Japanese poster | Aeon Entertainment

2019 — Japan / Germany / UK

A presentation of THEFOOLTHIRD WINDOW FILMSRAPID EYE MOVIESDIVERSITY MEDIA and TEZUKA PRODUCTIONS


Cast: GORO INAGAKI and FUMI NIKAIDO, with KIYOHIKO SHIBUKAWASHIZUKA ISHIBASHIMINAMIMOEMI KATAYAMAISSAYRYOSUKE OHTANI and ERI WATANABE


Director and Editor: MACOTO TEZKA

Producers: SHUNSUKE KOGA with SHINYA HIMEDA and ADAM TOREL

Screenplay: HISAKO KUROSAWA

Original work: OSAMU TEZUKA


Cinematography: CHRISTOPHER DOYLE with TSOI KUBBIE

Art direction: TOSHIHIRO ISOMI with EMIKO TSUYUKI

Costumes: ISAO TSUGE

Music: ICHIKO HASHIMOTO


© Barbara Film Committee


Yosuke Mikura (Goro Inagaki) is the hottest of hotshot authors. Well, sort of. He’s not, like, winning prizes, but his stuff sells by the bucketload. It’s basically smut; the predominant assessment is that his stuff is titillating and entirely forgettable. Still, he’s much in demand by publishers and the haute monde for his sway with the public and also his money. He has a smug disdain for the lot of them… and also his peers in the industry… and also his fanbase, natch. He is willing to abuse his status to get his leg over though. Suffice to say, he’s at once in a comfortable rut, but also has pretensions of being a better artist. In the subway around Shinjuku station, he encounters Barbara (Fumi Nikaido), a down-and-out woman who is beautiful, dipsomaniacal and highly literate. He drags her drunken self back to his place with the promise of booze, apparently intent on having his way with her. This doesn’t pan out; upon reading his racy prose she bursts out laughing because, amongst other things, it’s shiiiiiiiit. He promptly throws her out and sex was had by none. Life carries on, he’s adored by hangers-on, and his apparent main squeeze, Shigeko (Minami), is the daughter of a prominent politician (Ryosuke Ohtani), who’s willing to push his name in literary circles if he writes a sterling endorsement for the upcoming Diet campaign launch (to, I guess, shore up that bored Office Lady vote). Despite this, he’s haunted by Barbara. She comes to consume his thoughts. Strange things are afoot however. While he ventures into the underworld to track down his hobo princess, the obstacles to his art seem to be removed mysteriously and with extreme prejudice.

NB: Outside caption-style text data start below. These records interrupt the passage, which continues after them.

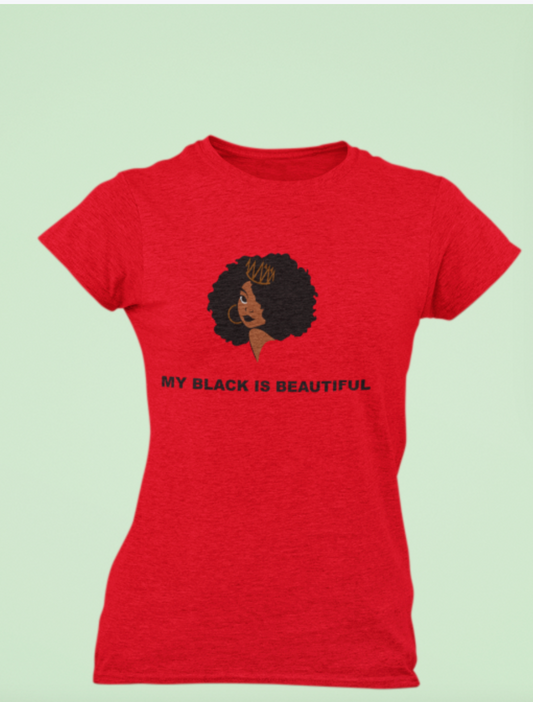 My Black Is Beautiful Shirt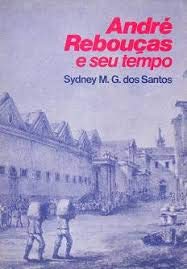 capítulo por capítulo baixar André Rebouças e seu Tempo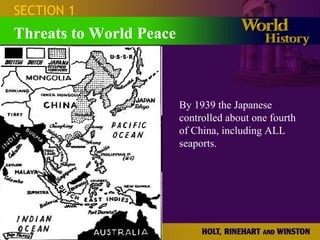 SECTION 1 Threats to World Peace By 1939 the Japanese controlled about one fourth of China, including ALL seaports. 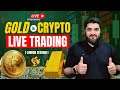 FOREX & CRYPTO LIVE TRADING SESSION | GOLD XAUUSD TRADING | BTC TRADING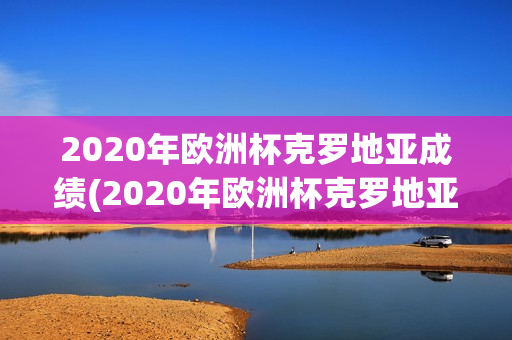 2020年欧洲杯克罗地亚成绩(2020年欧洲杯克罗地亚成绩如何)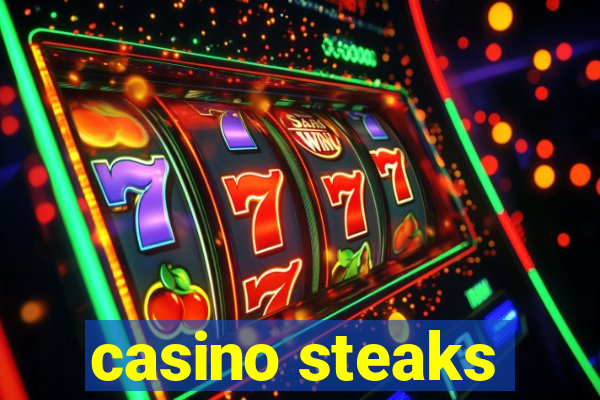 casino steaks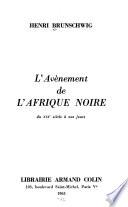 L'avènement de l'Afrique noire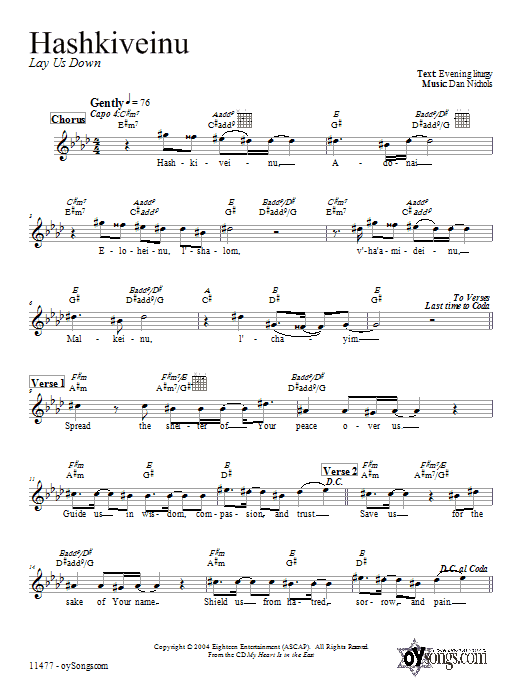 Preview Dan Nichols Hashkiveinu Religious sheet music, notes and chords for Melody Line, Lyrics & Chords, SKU: 66094 Download Dan Nichols Hashkiveinu sheet music and printable PDF score & Religious music notes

Osamu Tezuka, as I seemingly mentioned in the Legend of the Stardust Brothers post even though it was pretty tangential, is popularly deemed the ‘father of manga’. Such an epithet is perhaps somewhat misleading as, suffice to say, the Japanese had comics prior to his post-war ascendancy, but he was highly influential in the development of the medium, as well as that of anime. The original run of the Barbara manga ran from July 1973 to May 1974 in Big Comic (1968 – present), a semi-monthly anthology aimed at adult men which seemingly saw the bulk of his less child friendly works; to that end, a risqué psychological thriller/urban fantasy about sex and art which is ostensibly inspired by The Tales of Hoffmann. Despite almost certainly being best remembered as the creator of Astro Boy and Kimba the White Lion (né Jungle Emperor Leo), it’s worth noting that his output ran the gamut in terms of style, theme, target audience, etc., and in the late ‘60s, early ‘70s, the changing climate in Japan meant he was producing a lot more aimed at older audiences… mostly in manga form, although he did try and push animated films for adult audiences; the (in)famous ‘Animerama’ films being a particularly notable early attempt at tapping that market.†


Well, anyway, as also mentioned in the Legend of the Stardust Brothers post, Macoto Tezka is his son. This here film of Barbara I have seen labelled as his first pass at adapting one of his father’s works but that isn’t actually true. It’s his first attempt at doing one in live action, having directed a few earlier animated versions, the best known of which is the TV series of Black Jack and some specials and a film related thereto between 2003 and 2006, though he also directed a short based on Akuemon (1973) in 1993. I’m not going to lie to you, his comments on the differences between adapting comics for animation and for live-action don’t entirely suggest that a good understanding of the former medium as he characterises it as essentially taking the panels and making them move. I haven’t seen any of the aforementioned stuff, maybe he’s just simplifying for effect; the actual meat of the comment that trying to translate comics to live-action directly tends to result in an off feeling are fairly on the mark.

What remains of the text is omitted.